§ WORK INSTRUCTION: Where in the listing does the word "Brown" appear? Report each line that holds it.

§ DATA EXTRACT:
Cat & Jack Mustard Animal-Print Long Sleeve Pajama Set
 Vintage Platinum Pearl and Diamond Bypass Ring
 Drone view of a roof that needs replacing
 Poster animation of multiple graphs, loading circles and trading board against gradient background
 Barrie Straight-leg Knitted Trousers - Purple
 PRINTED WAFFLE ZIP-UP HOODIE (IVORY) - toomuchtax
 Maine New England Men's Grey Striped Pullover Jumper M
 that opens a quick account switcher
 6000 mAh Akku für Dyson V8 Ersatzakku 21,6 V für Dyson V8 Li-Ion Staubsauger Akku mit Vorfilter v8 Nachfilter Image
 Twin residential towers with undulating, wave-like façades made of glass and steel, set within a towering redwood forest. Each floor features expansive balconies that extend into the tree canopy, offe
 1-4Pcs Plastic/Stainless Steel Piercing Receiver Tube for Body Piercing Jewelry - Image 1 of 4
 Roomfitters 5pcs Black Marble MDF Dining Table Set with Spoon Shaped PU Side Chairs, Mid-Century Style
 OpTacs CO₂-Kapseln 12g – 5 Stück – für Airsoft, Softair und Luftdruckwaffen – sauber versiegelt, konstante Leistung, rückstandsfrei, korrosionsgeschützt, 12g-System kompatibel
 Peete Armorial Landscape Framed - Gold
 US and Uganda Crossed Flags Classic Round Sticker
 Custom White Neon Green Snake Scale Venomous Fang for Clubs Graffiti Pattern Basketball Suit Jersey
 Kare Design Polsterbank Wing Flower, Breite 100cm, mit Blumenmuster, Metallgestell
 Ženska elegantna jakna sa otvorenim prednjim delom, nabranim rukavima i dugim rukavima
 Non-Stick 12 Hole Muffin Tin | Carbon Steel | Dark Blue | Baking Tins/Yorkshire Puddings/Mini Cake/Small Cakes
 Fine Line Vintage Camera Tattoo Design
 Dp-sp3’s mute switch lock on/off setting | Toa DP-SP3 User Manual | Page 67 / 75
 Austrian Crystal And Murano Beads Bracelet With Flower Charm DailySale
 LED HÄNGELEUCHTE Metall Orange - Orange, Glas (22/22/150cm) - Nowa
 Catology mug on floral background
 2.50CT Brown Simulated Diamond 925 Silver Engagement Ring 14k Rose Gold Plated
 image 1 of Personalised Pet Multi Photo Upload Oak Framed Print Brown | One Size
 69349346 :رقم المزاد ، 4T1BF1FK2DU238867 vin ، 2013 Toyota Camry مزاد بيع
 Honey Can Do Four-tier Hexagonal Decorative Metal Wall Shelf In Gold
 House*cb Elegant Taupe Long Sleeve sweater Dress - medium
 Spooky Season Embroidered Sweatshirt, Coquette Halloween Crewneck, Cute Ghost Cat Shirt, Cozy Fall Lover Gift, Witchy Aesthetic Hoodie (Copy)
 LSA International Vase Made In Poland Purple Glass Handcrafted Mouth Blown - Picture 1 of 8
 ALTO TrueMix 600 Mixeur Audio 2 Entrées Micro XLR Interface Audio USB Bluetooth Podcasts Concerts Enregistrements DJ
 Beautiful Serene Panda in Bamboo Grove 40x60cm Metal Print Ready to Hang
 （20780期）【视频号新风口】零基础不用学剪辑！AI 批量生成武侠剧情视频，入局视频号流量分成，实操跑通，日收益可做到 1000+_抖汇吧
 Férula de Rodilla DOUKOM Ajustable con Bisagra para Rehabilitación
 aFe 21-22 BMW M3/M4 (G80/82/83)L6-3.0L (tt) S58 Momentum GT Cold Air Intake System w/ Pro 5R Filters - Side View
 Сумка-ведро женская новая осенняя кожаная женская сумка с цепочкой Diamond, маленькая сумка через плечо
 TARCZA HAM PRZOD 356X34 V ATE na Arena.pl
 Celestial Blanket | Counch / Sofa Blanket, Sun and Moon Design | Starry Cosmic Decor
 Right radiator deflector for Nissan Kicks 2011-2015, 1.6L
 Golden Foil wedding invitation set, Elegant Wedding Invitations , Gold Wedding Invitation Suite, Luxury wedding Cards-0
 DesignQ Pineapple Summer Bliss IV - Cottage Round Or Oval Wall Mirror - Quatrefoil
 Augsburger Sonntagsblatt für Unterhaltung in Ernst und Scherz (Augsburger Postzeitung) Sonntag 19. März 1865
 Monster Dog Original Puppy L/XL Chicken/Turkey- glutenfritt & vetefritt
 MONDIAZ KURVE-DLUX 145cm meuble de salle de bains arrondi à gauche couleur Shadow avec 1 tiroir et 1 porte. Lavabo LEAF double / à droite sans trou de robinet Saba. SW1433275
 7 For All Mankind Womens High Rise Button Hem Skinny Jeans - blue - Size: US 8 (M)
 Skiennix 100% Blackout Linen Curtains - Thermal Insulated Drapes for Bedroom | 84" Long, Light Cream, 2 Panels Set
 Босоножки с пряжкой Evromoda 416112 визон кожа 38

§ TASK OUTPUT:
 2.50CT Brown Simulated Diamond 925 Silver Engagement Ring 14k Rose Gold Plated
 image 1 of Personalised Pet Multi Photo Upload Oak Framed Print Brown | One Size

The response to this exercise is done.